Nel decreto istitutivo a firma del ministro della Giustizia Andrea Orlando non si fa riferimento ai criteri da adottare per riscrivere l’organizzazione dei 26 distretti giudiziari italiani, a parte la «promozione del valore della specializzazione nella ripartizione delle competenze». Nessun accenno a parametri demografici o carichi di lavoro, né a regioni, capoluoghi o le vecchie province. Una delega in bianco, insomma, che riapre scenari mai del tutto chiusi, in cui gli uffici più piccoli, come il distretto giudiziario lucano, vengono smembrati e annessi ai limitrofi. Sempre che la “salvezza” non passi per accorpamenti in senso opposto, come quello del Tribunale di Sala Consilina a Lagonegro, per cui in effetti da 2 anni a questa parte i processi di secondo grado e i fascicoli di competenza distrettuale viaggiano già dal Vallo di Diano a Potenza.
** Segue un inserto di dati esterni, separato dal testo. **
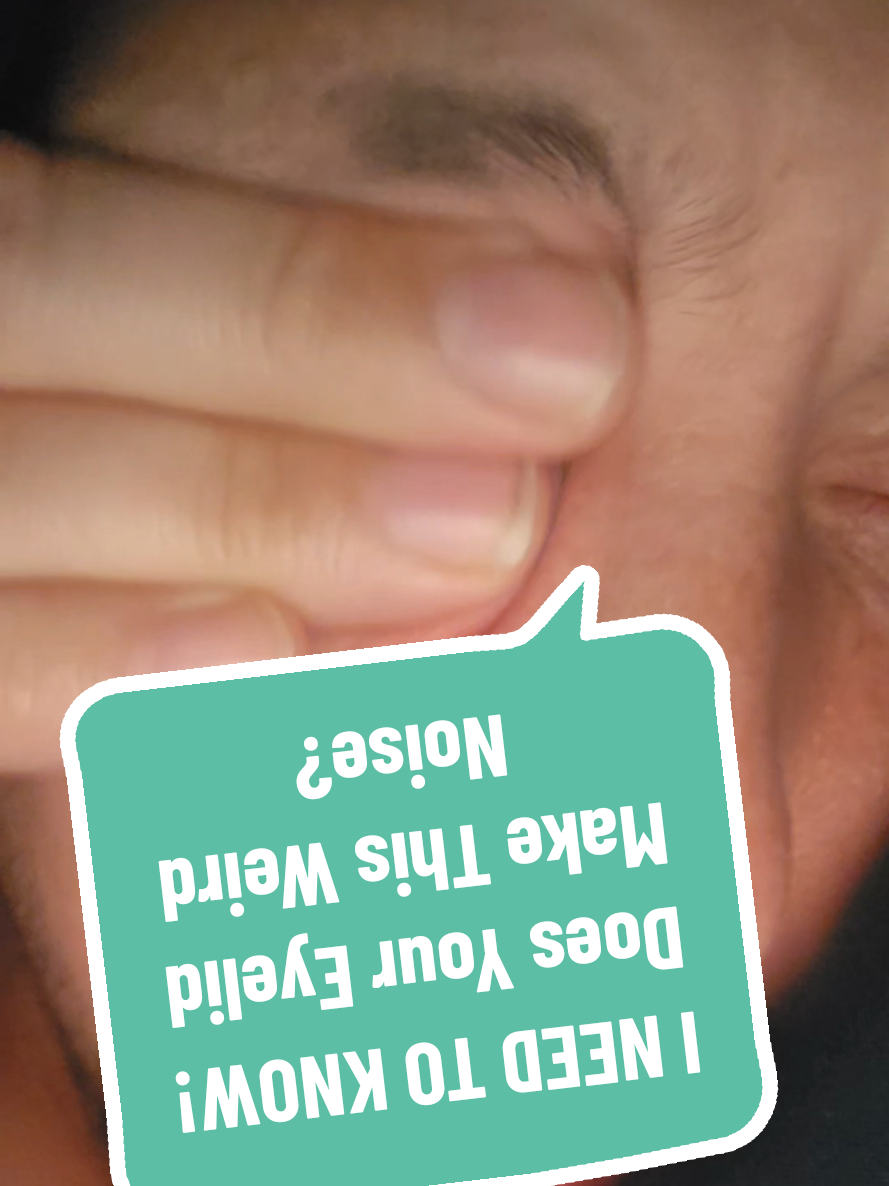 @RareOrion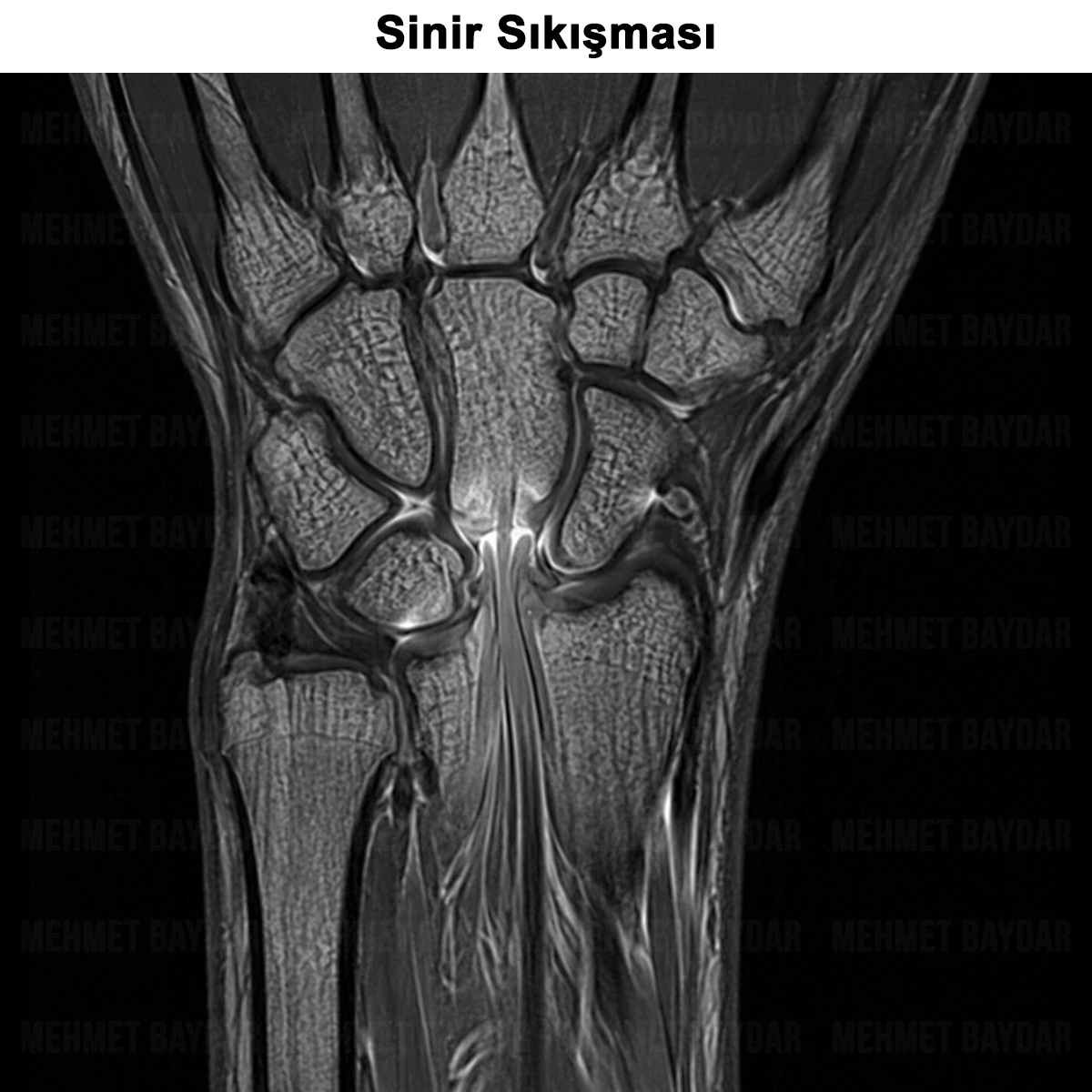 Sinir Sıkışması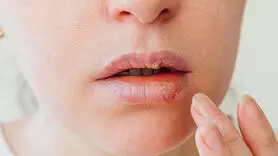 چرا دائما تبخال می‌زنید؟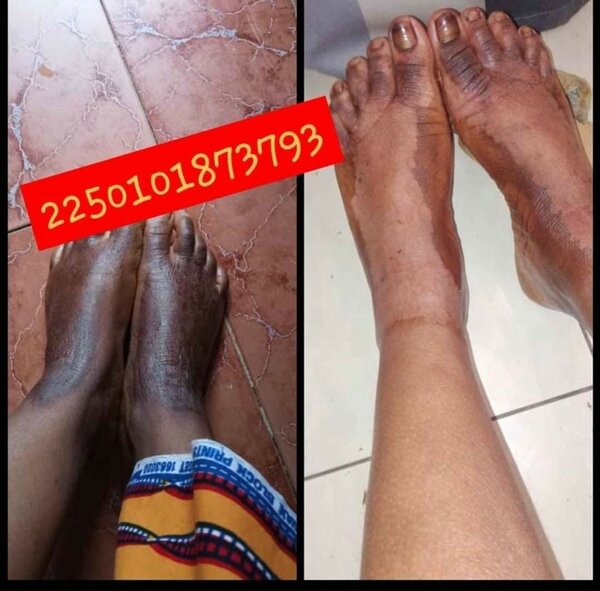 Huile peeling
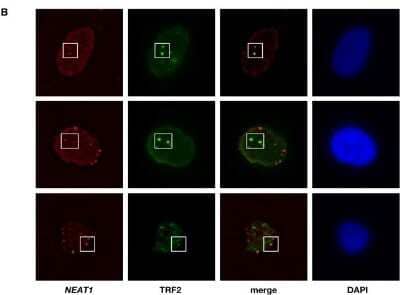 Immunocytochemistry/ Immunofluorescence: TRF-2 Antibody (4A794.15) - Azide Free [NBP2-33212]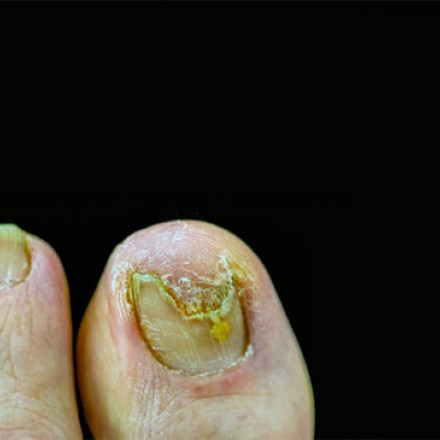 Close-up of toenails with severe fungal infection and discoloration against a black background.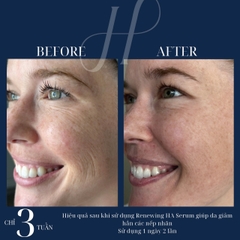 HYDRINITY Renewing HA Serum: Bí Quyết Trẻ Hóa Da Tức Thì Với HA "Siêu Tăng Áp"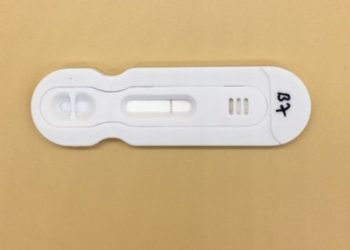 Xrapid et Medisur lancent un test sérologique rapide du Covid pour les entreprises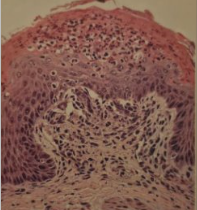 <p>Increased starch/sugar fermentation decreases pH</p><p>Gross:</p><ul><li><p>fermentative odour to rumen</p></li><li><p>ruminal epithelium adhered to submucousa</p></li><li><p>&lt;5pH</p></li><li><p>hyperaemic lamina propria</p></li></ul><p>Histo:</p><ul><li><p>cytoplasmic vacuolation of epithelial cells</p></li><li><p>Neutrophils in mucousa and submucousa</p></li></ul><p></p>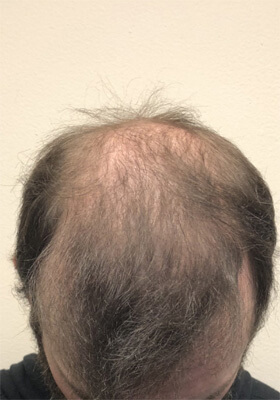 hair transplant photos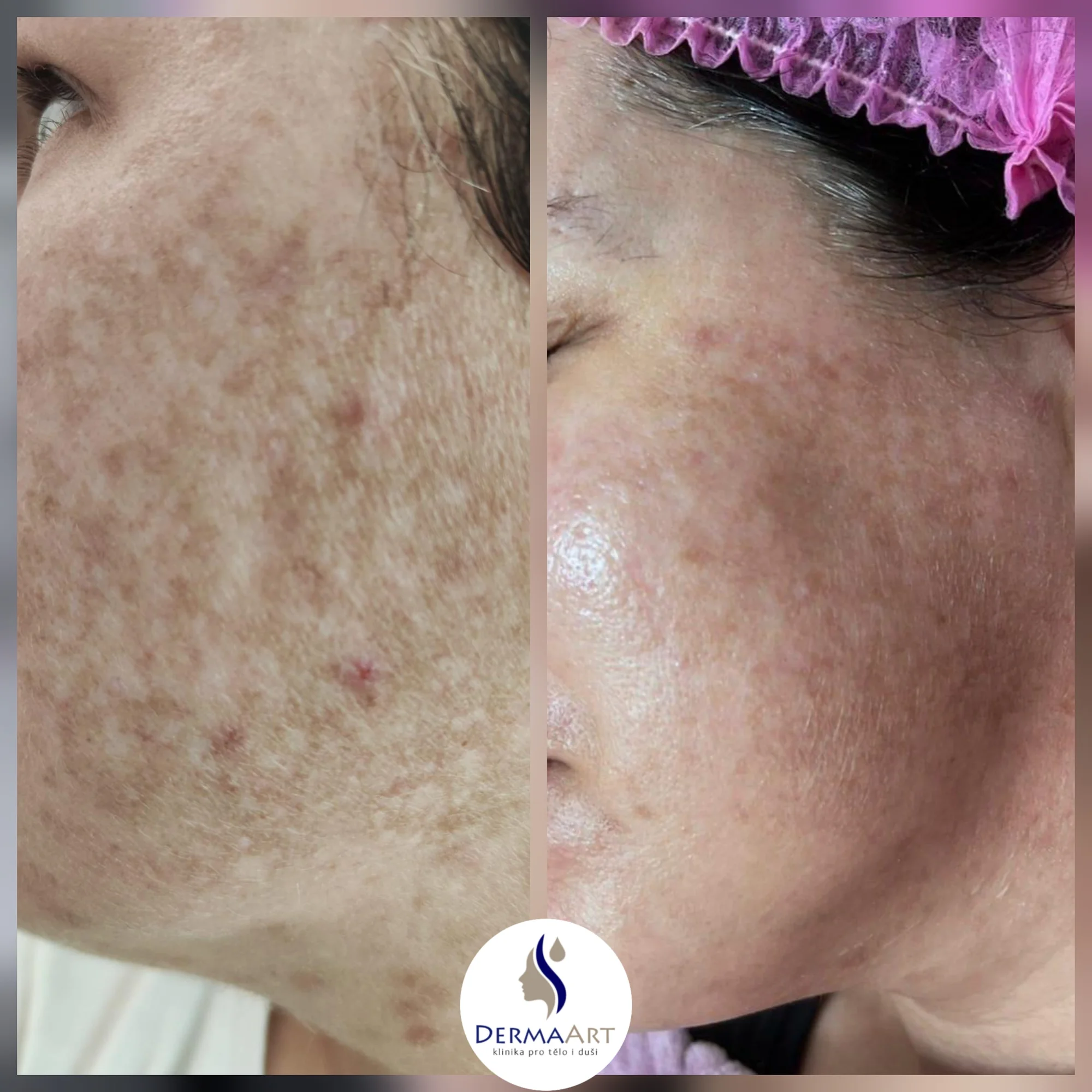 Profesionální péče o pleť: mikrojehličková terapie i studená plazma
L’inizio della fine dell’autonomia lucana, con la sua dissoluzione nelle popolose province campane e pugliesi, o la nascita di una nuova macroregione appenninica. Il bivio di fronte a cui si trovano gli architetti della prossima riforma giudiziaria è a tutti gli effetti la premessa di una modifica dell’articolo 131 della Costituzione, che individua le 20 regioni italiane così come si conosciamo. A maggior ragione se si considera che a rischio non c’è solo il distretto lucano, ma anche quello delle altre regioni meno popolose come il Molise, che potrebbe confluire in quello dell’Aquila, oppure ampliarsi a ricomprendere il circondario sannita del Tribunale di Benevento.

Chiusa la Corte d’appello di Potenza lo stesso destino toccherebbe al Tar, mentre la Procura della Repubblica del capoluogo perderebbe tutte le competenze distrettuali, come antimafia, traffico di rifiuti e pedofilia, col disimpegno dei reparti investigativi speciali della Guardia di finanza e dei carabinieri.

Oltre alla riforma della geografia giudiziaria la commissione presieduta da Vietti avrà il compito di studiare anche un nuovo sistema di valutazione della professionalità dei magistrati, di conferimento degli incarichi, mobilità, e organizzazione degli uffici del pubblico ministero.

Una seconda commissione presieduta da Luigi Scotti dovrà invece elaborare uno schema di riforma della disciplina legale in materia di costituzione e funzionamento dello stesso Consiglio Superiore della Magistratura.